The Champions League returns this week following a two month break. Once again, the question on every football fan's lips is who will be champion of Europe?
The last four winners have all been Spanish sides, with Barcelona winning in the midst of Real Madrid's three in four years. There can be little argument Los Blancos have been top of the heap after that run. Until Madrid beat Juventus in last year's final, no club in the Champions League era had successfully defended the crown. You must go as far back as Arrigo Sacchi's AC Milan side that won in 1989 and 1990 to find a team that had ruled Europe for two years in succession.
The Merengues have excelled since Zinedine Zidane was appointed as manager in January 2016. Despite a disappointing beginning to the 2017/18 campaign, both domestically and in the group stage, Real finds itself seven games from becoming the first team in history to win three consecutive European crowns on two occasions. Ajax Amsterdam and Bayern Munich both won three in a row in the 1970s. Real Madrid themselves won the first five editions of the European Cup from 1956-60. Is such a momentous achievement in Zidane's side this season?
There's no doubt that Real is among the teams that can win the Champions League. In fact, the team's up-and-down performance this campaign renders it the only title they can realistically capture.

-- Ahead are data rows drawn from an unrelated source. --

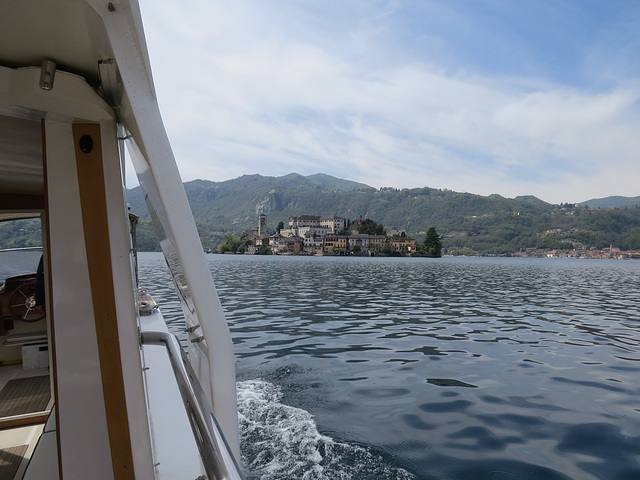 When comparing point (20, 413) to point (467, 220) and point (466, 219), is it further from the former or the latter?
point (466, 219)

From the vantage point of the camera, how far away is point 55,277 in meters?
1.63

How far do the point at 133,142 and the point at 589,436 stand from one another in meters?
5.18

Player for player, Real Madrid can line up with any squad. It has world class players all over the field. That said, those players have struggled with injury and form. Domestically they are 17 points behind Barcelona. Three weeks ago they were eliminated in the quarter-finals of the Copa del Rey in embarrassing fashion by Leganes. Blame has been cast in many directions. Mostly, however, it has landed at the manager's feet.

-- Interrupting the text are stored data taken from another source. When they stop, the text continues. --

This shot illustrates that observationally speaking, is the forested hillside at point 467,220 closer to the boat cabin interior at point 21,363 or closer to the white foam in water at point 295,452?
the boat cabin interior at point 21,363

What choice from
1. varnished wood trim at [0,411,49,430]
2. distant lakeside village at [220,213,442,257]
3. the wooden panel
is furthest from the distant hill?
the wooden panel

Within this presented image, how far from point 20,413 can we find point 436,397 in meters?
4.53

Zizou had a wonderful first 18 months in charge. When he took over, the club was in a similar position to its current strait. Struggling in the league, out of the Copa (due to an infamous disqualification after playing a suspended Denis Cheryshev), the Frenchman moved up from Real Madrid Castilla, the B side, to replace Rafael Benitez. He things turned around immediately. Barcelona still won the league but the gap closed and Zidane took Real to its 11th Champions League title. Last season, he went one better, reclaiming La Liga supremacy while defending his Champions League crown.
What has gone wrong this season? At first, Zidane didn't make that many changes from what Benitez had been doing. He freed up the attack somewhat but the biggest difference was his command as a respected club legend. Now that he has been in the job for over two years, his personnel decisions, letting veteran leadership go without singing cover, has people wondering if he's caught the infamous third season syndrome? Technically, it's only been one full campaign and two halves, so it might be a sophomore slump. Tough to tell.
If the pressure wasn't ratcheted up sufficiently, Zidane is walking into the most difficult draw he could have been given in this round: Paris Saint-Germain. PSG has been desperate to take their reputation to the next level in recent years. It hasn't come off but the Qatari-owned club has gone all in to the tune of €400 million on Neymar and Kylian Mbappe to make it happen. Zizou's squad will have its hands full.
With stratospheric expectations at both clubs, the tie is shaping up as one where the losing manager will be shown the door. A career-ending match for you WWE fans. If Madrid can find ts way past PSG, it can beat anyone. The problem is inconsistency has been its biggest enemy in 2017/18. If the players fail to show up in a game against any of Europe's giants, a third successive Champions League title can be counted out.